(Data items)
* * *

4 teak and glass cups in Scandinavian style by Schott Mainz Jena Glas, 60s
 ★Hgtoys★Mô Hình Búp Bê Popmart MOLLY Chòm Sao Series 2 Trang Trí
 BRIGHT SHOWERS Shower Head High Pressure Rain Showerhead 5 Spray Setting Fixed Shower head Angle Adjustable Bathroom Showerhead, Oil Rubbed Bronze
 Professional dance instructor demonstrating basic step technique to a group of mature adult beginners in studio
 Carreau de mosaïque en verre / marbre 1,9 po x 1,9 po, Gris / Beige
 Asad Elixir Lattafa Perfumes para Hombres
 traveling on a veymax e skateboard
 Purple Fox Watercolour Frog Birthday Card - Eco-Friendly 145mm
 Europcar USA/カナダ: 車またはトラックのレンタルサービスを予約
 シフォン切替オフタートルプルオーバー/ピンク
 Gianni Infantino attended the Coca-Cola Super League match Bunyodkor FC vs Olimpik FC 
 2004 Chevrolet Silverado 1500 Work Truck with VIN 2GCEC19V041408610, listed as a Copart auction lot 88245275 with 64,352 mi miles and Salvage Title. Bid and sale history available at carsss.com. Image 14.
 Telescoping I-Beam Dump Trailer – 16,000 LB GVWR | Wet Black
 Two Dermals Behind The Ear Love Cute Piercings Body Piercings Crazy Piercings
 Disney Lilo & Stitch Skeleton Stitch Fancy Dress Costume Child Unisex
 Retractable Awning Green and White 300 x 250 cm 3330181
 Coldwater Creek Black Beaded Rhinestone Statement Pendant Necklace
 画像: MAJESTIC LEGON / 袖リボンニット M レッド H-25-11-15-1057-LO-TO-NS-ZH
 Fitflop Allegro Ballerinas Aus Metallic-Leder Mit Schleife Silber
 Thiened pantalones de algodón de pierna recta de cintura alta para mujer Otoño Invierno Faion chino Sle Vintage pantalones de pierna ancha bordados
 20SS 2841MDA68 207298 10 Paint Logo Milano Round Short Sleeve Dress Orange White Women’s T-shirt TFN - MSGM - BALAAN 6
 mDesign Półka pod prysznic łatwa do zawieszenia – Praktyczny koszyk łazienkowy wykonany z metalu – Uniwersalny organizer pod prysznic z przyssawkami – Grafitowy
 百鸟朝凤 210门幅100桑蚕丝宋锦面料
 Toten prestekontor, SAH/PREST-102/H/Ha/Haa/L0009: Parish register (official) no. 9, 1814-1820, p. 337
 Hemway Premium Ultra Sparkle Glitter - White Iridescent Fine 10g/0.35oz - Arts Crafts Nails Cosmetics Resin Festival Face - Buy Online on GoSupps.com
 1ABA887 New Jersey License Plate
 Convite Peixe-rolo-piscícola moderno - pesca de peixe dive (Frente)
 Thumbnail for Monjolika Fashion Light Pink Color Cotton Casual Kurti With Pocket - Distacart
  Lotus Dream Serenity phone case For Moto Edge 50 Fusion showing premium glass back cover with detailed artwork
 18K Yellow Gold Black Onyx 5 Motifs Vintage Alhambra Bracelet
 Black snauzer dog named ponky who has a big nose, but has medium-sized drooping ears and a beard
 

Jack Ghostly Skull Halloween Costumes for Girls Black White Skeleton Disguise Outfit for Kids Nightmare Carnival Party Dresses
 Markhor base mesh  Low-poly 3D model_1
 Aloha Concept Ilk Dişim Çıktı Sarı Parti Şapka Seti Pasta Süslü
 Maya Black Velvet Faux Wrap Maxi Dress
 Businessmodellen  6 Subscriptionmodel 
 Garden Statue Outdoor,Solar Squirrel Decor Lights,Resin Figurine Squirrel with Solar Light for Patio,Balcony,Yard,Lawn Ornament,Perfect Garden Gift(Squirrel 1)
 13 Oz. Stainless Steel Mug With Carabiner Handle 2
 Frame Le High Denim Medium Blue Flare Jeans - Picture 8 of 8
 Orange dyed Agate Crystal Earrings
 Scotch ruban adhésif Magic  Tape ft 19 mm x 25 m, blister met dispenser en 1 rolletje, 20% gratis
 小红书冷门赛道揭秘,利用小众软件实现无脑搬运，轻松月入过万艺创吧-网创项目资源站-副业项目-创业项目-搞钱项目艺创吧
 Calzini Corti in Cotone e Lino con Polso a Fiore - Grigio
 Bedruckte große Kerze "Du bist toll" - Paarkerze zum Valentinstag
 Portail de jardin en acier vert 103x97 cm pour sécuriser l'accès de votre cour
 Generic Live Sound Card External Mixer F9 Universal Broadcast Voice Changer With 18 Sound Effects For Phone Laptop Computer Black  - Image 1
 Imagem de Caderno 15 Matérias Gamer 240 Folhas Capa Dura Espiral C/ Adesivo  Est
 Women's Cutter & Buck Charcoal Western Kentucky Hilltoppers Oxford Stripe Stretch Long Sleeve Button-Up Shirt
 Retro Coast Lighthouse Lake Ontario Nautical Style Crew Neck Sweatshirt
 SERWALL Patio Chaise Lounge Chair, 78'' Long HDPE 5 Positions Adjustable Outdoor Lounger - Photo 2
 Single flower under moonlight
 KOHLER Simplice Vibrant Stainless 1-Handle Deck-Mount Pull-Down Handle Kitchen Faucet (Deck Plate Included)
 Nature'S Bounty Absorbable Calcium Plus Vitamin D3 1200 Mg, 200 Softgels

* * *

Only lines containing the string "para" are needed. Pull each of them out of the records above.

 Asad Elixir Lattafa Perfumes para Hombres
 Thiened pantalones de algodón de pierna recta de cintura alta para mujer Otoño Invierno Faion chino Sle Vintage pantalones de pierna ancha bordados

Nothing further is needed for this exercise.